Sunday, 3 May 2015
Civilisation: "Rosewater"
Jon Stewart's directorial debut Rosewater is, as one might expect, both politically engaged and culturally sensitive. As it details the 188-day imprisonment of Iran-born, London-based journalist Maziar Behari upon his return to Tehran to cover the 2009 election, Farsi takes priority over English, and prayers to Mecca are observed on a regular basis. Stewart's trademark pop-cultural asides remain very much in place. When the police first raid the apartment Behari shares with his mother, DVDs of The Sopranos and Theorem ("porno?") are seized upon as evidence of sedition; and, in a fleet personal touch, Stewart reteams with Jason Jones to recreate the Daily Show segment that brought Behari to the attention of this director and the authorities, who came to regard the journalist as a spy working under cover of the American news media - the kind of comical misunderstanding only a truly humourless state might arrive at.

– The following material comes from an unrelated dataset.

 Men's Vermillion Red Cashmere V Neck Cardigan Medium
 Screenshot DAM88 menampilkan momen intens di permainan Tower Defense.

All in all, Rosewater offers a far more fair and balanced depiction of life in an Islamic nation than the cable networks Stewart has often had cause to rail against in his day job: in place of bearded zealots, he shows us flawed but human functionaries.
Other elements here prove less culturally specific. It's initially jolting to learn that the role of Behari is going to be played by the Mexican Gael Garcia Bernal, no matter that - after NO and Who is Dayani Cristal? - the actor has become something of a multipurpose liberal figurehead. It's even more jolting when his Iranian interrogator turns up, in the form of Great Dane Kim Bodnia, from The Bridge. (With the exception of Ridley Scott's Exodus: Gods and Kings, no 2014 film employed more brown slap.) Stewart has evidently seen enough movies and TV shows to have gathered that these are very watchable performers - watchable enough, at least, to make involving the rather sedentary business of detention and sustained cross-examination; the actors' contrasting physical appearance also adds a visual dynamism to the depiction of ideological difference. Bodnia looms, growls and cajoles, like the State itself; Bernal is lithe but vulnerable, the image of the little man.
Though these scenes serve as a badge for Stewart's faith in civilised, intelligent dialogue, somehow they're still a little too polite-seeming, certainly in comparison with, to take a recent example, the prison scenes in Steve McQueen's Hunger: Behari rarely seems to be facing any immediate threat, despite Bodnia's considerable bulk. Increasingly, one catches Stewart falling back on stock movie tricks to keep the drama alive: flashbacks to Behari's days outside the prison with a free-spirited sister (Golshifteh Farahani), the journalist's conversations with the ghost of his late father (Haluk Bilginer, from Winter Sleep). Rosewater begins to stutter whenever it lapses into this "based-on-true-events" backstory: it's having to make good on exactly that backstory the Daily Show's editors would pare down to a snappy seven-minute segment with the right cutaways.
Even here, though, there remain traces of something more personal, and winning: when Behari leads his slack-jawed interrogator down a blind alley with an account of a voluptuous (and, presumably, patriotic) hand-relief technique known as "Persian Massage", it looks very much like an attempt to rewrite Iranian history according to a stand-up's perpetual need for masturbation gags. (The topper involves Stewart's native New Jersey: it comes close to home.) The result, a genuine middleweight, makes for an easy watch, if not the powerful statement of liberal values it might have been. If Stewart felt any guilt about getting Behari into this mess in the first place, the debt has now been repaid in bringing this story to wider international prominence, and there's obviously something encouraging and positive in seeing an American feature taking the internalities of another nation - especially an Islamic nation - this seriously.
Rosewater opens in selected cinemas from Friday.